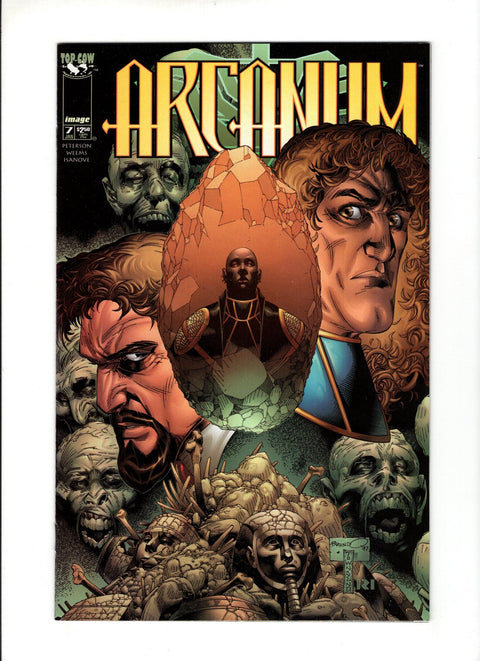 Arcanum #7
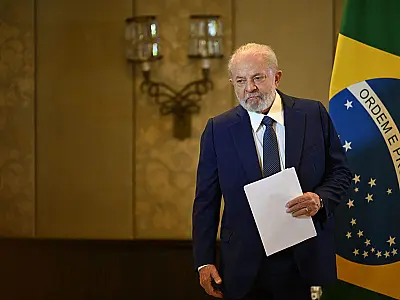 Lula pede reunião com chefes de Estado para resolver ou abandonar de vez acordo UE e Mercosul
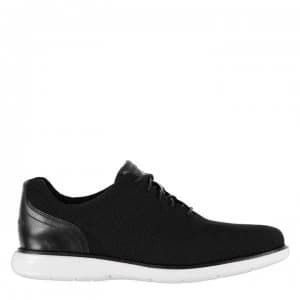 Rockport Garet Trainers Mens - Black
======
_PROBLEM DETAILS_
Give the complete material again, exactly as written. Do not include the pictures.

_SOLUTION TO THIS EXERCISE_
 Arcanum #7
 Lula pede reunião com chefes de Estado para resolver ou abandonar de vez acordo UE e Mercosul
 Rockport Garet Trainers Mens - Black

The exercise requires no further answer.